Thanksgiving: What is it? A holiday to celebrate the vaguest things we treasure, eat until we explode, and drink until we ditto. Whether you need a moment away, or enjoy your family so much you want to sit in front of a screen silently with them, here is a deluxe list of movies, TV shows, and zany moments available right now on your computer or other device.


  • Planes Trains & Automobiles (1987, Netflix), in which Steve Martin and John Candy stress out!
  • Bob Newhart gets a lot drunk and only a little racist in 1975's "Over the River and Through the Woods." (Here)
  • WKRP in Cincinnati's 1978 classic "Turkeys Away"(Hulu) is a spiritual ancestor to Modern Family's "Punkin Chunkin," 2011: In both episodes, iconic holiday items are hurled.
  • Alice's Restaurant (1969) in which a folk singer throws garbage in the garbage and, after certain events unfold, is found unfit to serve his country.

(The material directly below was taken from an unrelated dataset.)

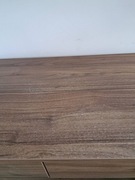 Biurko vintage/industrialne z 2 szufladami robione na zamówienie, używane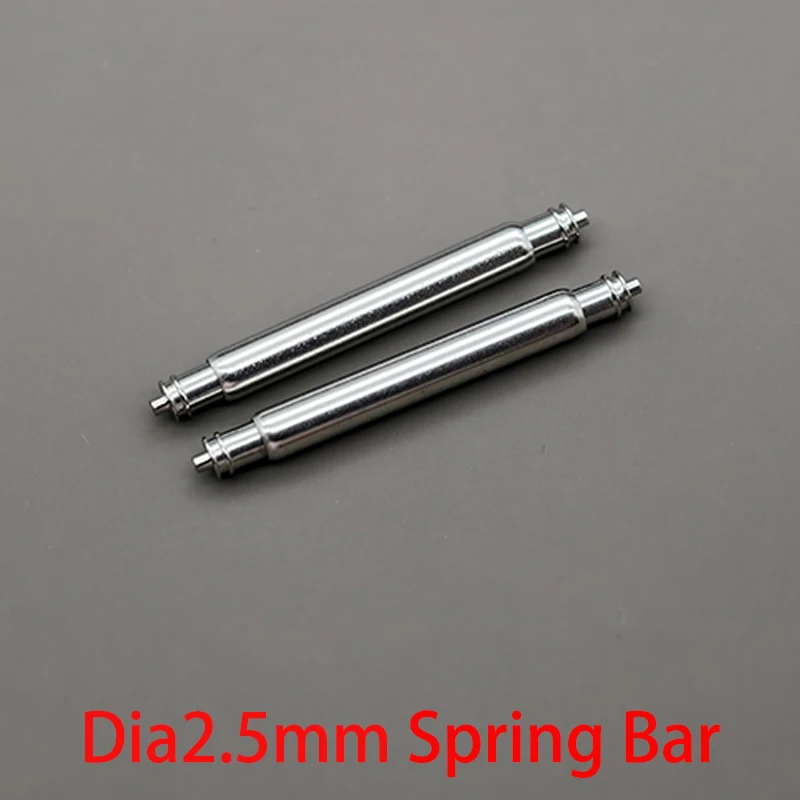 Fat Spring Bars for Watch Bands, 2/4PCS Set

Based on the Grammy-winning nonsense by Arlo Guthrie.
  • Charlie Brown Thanksgiving (1973 and every year since then) is about what family really means, which is making room for all of Peppermint Patty's imaginary food allergies. Van Pelt pulls that shit with the football, also.

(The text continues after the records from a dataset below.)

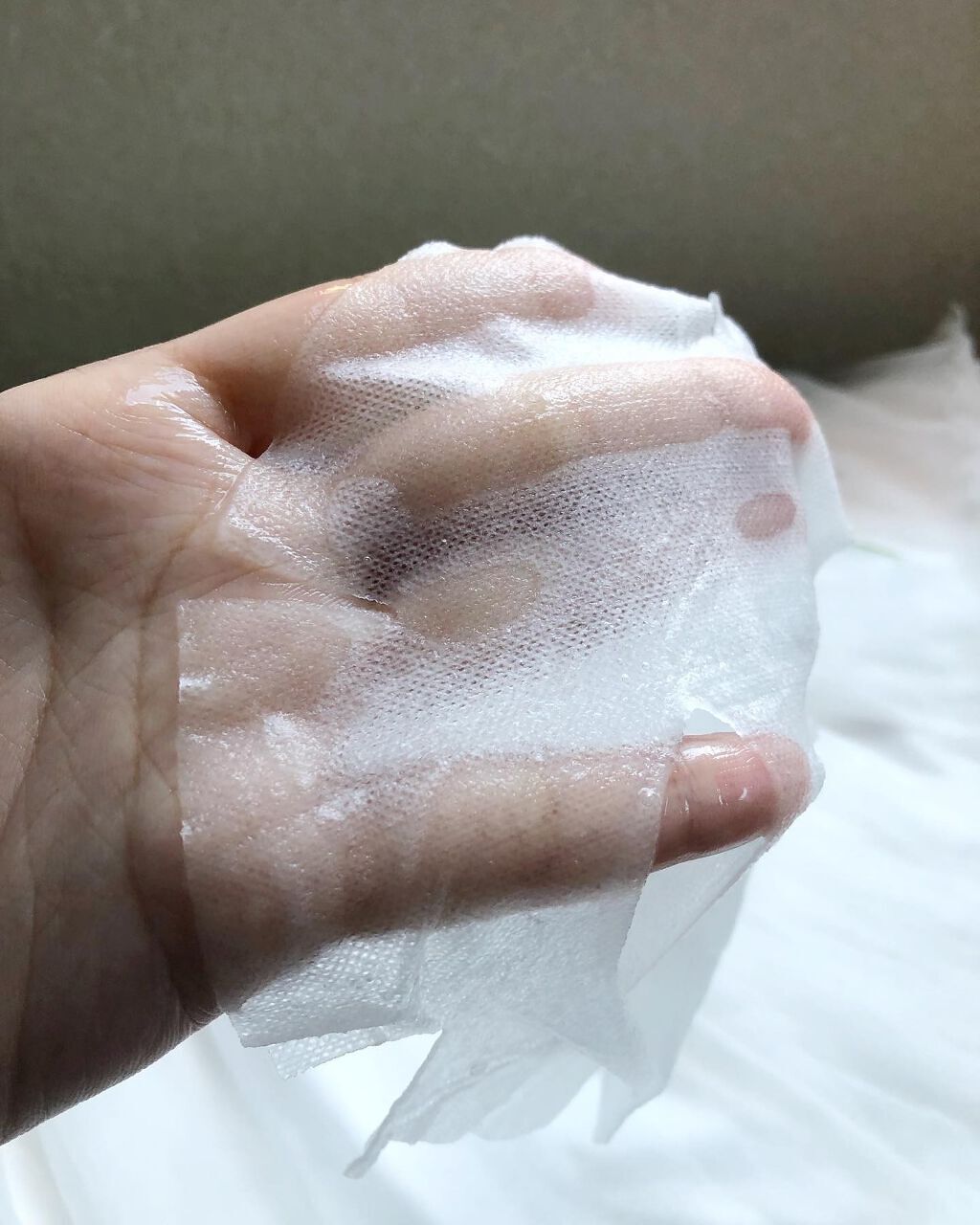 PROTECT BARRIER RENEWING MASK/EVIDIN/シートマスク・パックを使ったクチコミ(4枚目)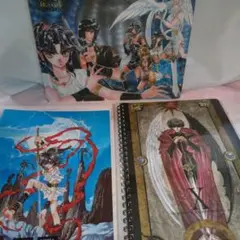 CLAMP 聖伝 (RGVEDA)、X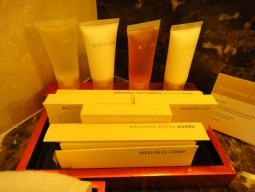 充実したバスアメニティー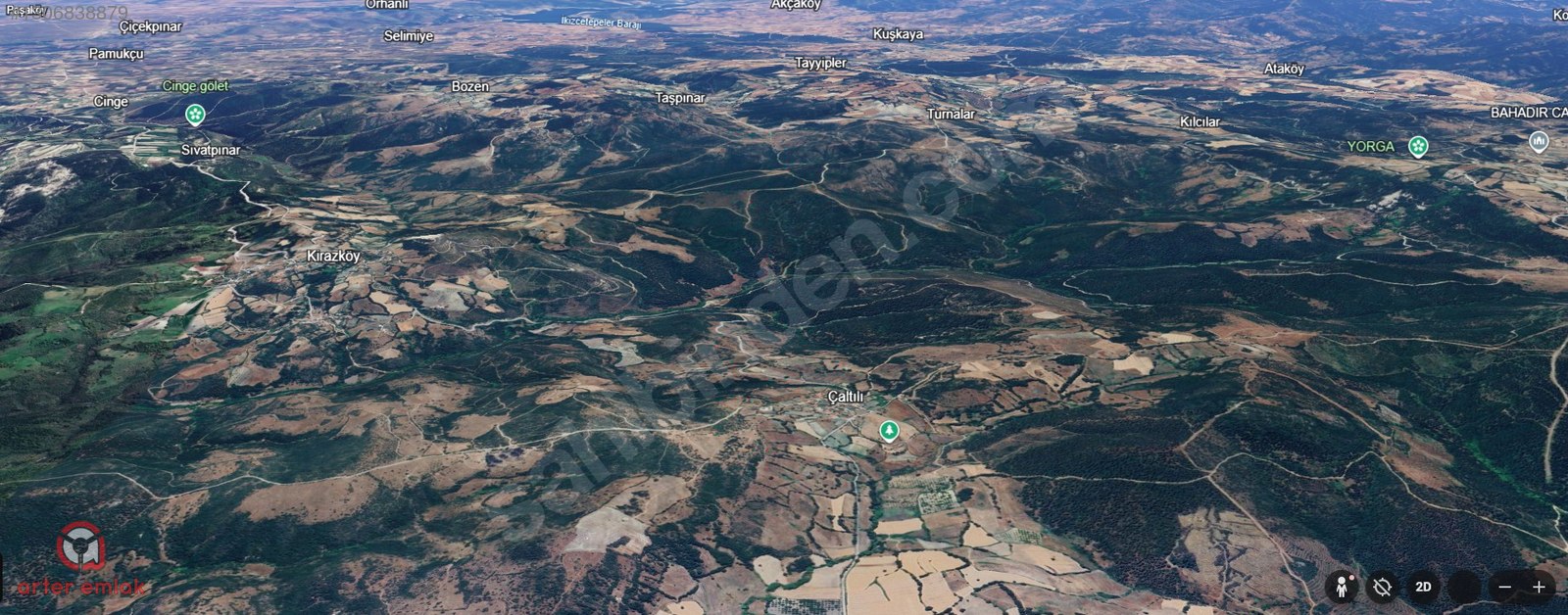 ARTER'DEN OTOBAN GİŞELERİNE 20 DK MESAFEDE İMARLI ARSA - BALIKESİR SAVAŞTEPE fotoğraf 7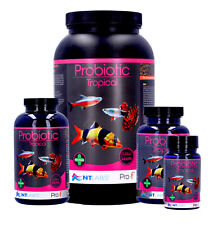 NT LABS PRO-F PROBIOTIC TROPICAL GRANULES FISH FOOD AQUARIUM SLOW SINKING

  • In The Ice Storm (1997), directed by Ang Lee and based on 1994 novel by Rick Moody, Tobey Maguire goes up a mountain to herd cattle and look for Katie Holmes, but doesn't come down again until he is quite gay. (Netflix and Prime)

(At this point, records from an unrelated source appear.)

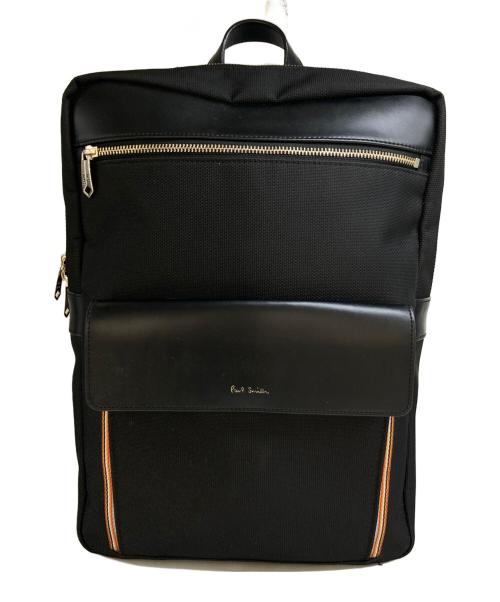 PAUL SMITH（ポールスミス）PAUL SMITH (ポールスミス) バックパック ブラックの古着・服飾アイテム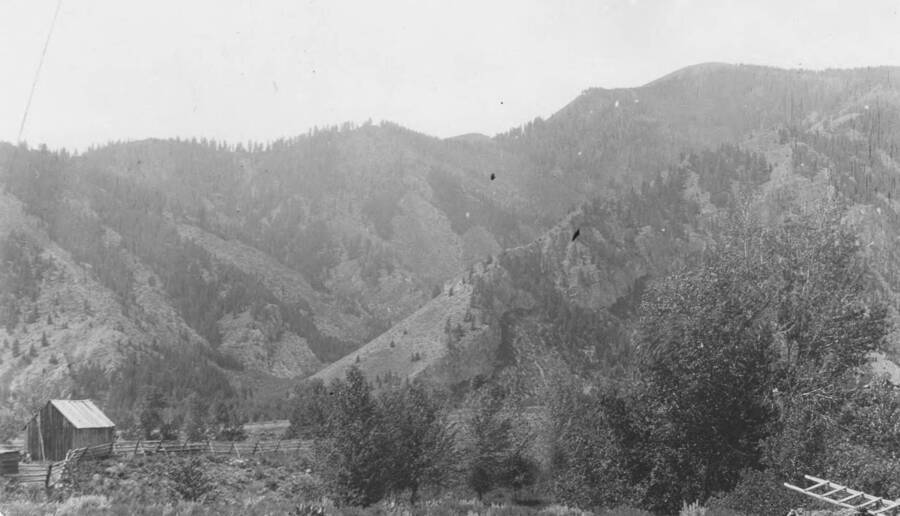 This is image is part of a report on lands proposed for addition to Sawtooth Forest Reserve by Gordon E. Tower, 1905.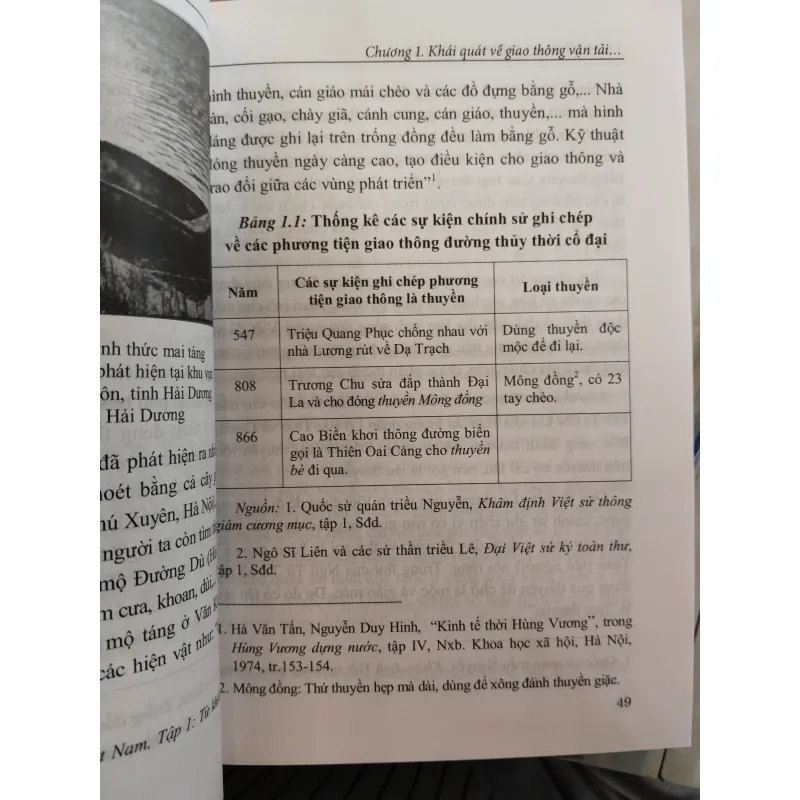 LỊCH SỬ GIAO THÔNG VẬN TẢI VIỆT NAM TỪ THẾ KỶ X ĐẾN NĂM 1884 1000761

  • Rocky (1976, Netflix) and Rocky II (1979) were both written by star Sylvester Stallone. A thankful man, who eats raw eggs for energy. (Raw eggs are not suggested for use in traditional Thanksgiving stuffing.)
  • Cheers: in 1986's "Thanksgiving Orphans," Carla invites everyone to the trashcan where she lives. Starring George Wendt's real-life wife as a mashed potato-covered Vera. (Netflix and Hulu)
  • History does not record if any episodes of Friends are set any other day besides the third Thursday in November, but if it's a Thanksgiving episode you're looking for, they'll "be there for you!" "Underdog Gets Away," the Gang finds "Chandler in a Box," remembers when "Ross Got High," learns "Chandler Doesn't Like Dogs," and Rachel's "Other Sister" pays a visit. There are also Ones with a "List," a "Football," a "Rumor," a "Late Thanksgiving," and one where Joey and Monica put turkeys on their heads! (They are cut-ups.)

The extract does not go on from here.